Leviyang Sivan
Department of Mathematics, Georgetown University, Washington, DC, USA.
J Math Biol. 2011 Feb;62(2):203-89. doi: 10.1007/s00285-010-0333-0. Epub 2010 Feb 26.
We examine genetic statistics used in the study of structured populations. In a 1999 paper, Wakeley observed that the coalescent process associated with the finite island model can be decomposed into a scattering phase and a collecting phase. This decomposition becomes exact in the large population limit with the coalescent at the end of the scattering phase converging to the Ewens sampling formula and the coalescent during the collecting phase converging to the Kingman coalescent.

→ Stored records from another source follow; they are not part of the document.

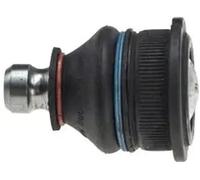 Wishbone Pin JBJ723 TRW for NISSAN NOTE MICRA III MICRA C+C III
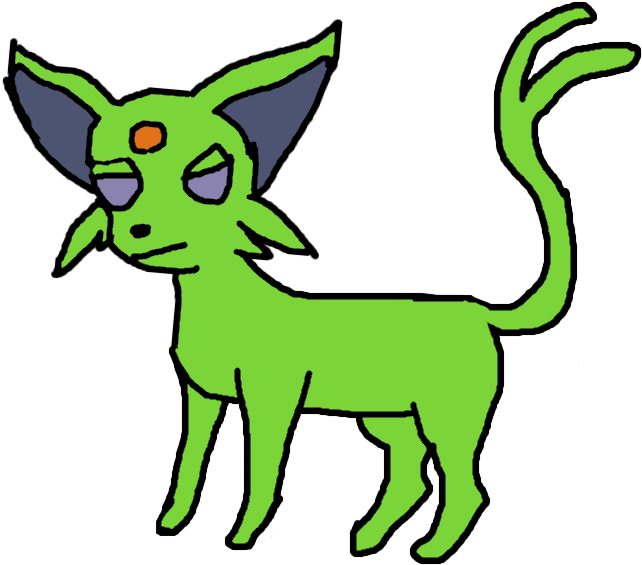 Vision - " - Cartoon (649x625), Png Download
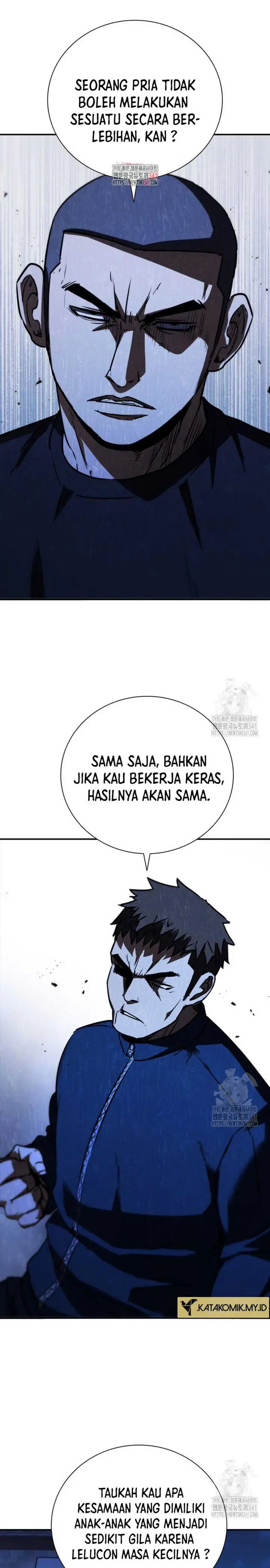 image-komik-shark-wyvern-chapter-59-1/37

In this paper we introduce a class of limiting models, which we refer to as G/KC models, that generalize Wakeley's decomposition. G in G/KC represents a completely general limit for the scattering phase, while KC represents a Kingman coalescent limit for the collecting phase. We show that both the island and two-dimensional stepping stone models converge to G/KC models in the large population limit. We then derive the distribution of the statistic F(st) for all G/KC models under a large sample limit for the cases of strong or weak mutation, thereby deriving the large population, large sample limiting distribution of F(st) for the island and two-dimensional stepping stone models as a special case of a general formula. Our methods allow us to take the large population and large sample limits simultaneously. In the context of large population, large sample limits, we show that the variance of F(st) in the presence of weak mutation collapses as O(1/log d) where d is the number of demes sampled. Further, we show that this O(1/log d) is caused by a heavy tail in the distribution of F(st). Our analysis of F(st) can be extended to an entire class of genetic statistics, and we use our approach to examine homozygosity measures. Our analysis uses coalescent based methods.
我们研究了用于结构化种群研究的遗传统计量。在1999年的一篇论文中,韦克利观察到与有限岛屿模型相关的溯祖过程可以分解为一个散射阶段和一个收集阶段。在大种群极限情况下,这种分解变得精确,散射阶段结束时的溯祖过程收敛到尤恩斯抽样公式,而收集阶段的溯祖过程收敛到金曼溯祖。在本文中,我们引入了一类极限模型,我们称之为G/KC模型,它推广了韦克利的分解。G/KC中的G代表散射阶段的一个完全通用的极限,而KC代表收集阶段的金曼溯祖极限。我们表明,在大种群极限情况下岛屿模型和二维 stepping stone模型都收敛到G/KC模型。然后,我们在强突变或弱突变的大样本极限情况下,推导了所有G/KC模型的统计量F(st)的分布,从而作为一个通用公式的特殊情况,推导了岛屿模型和二维 stepping stone模型的大种群、大样本极限分布。我们的方法允许我们同时取大种群和大样本极限。在大种群、大样本极限的背景下,我们表明在存在弱突变时F(st)的方差以O(1/log d)的形式衰减,其中d是抽样的deme数量。此外,我们表明这种O(1/log d)是由F(st)分布中的重尾引起的。我们对F(st)的分析可以扩展到一整类遗传统计量,并且我们使用我们的方法来研究纯合度测量方法。我们的分析使用基于溯祖的方法。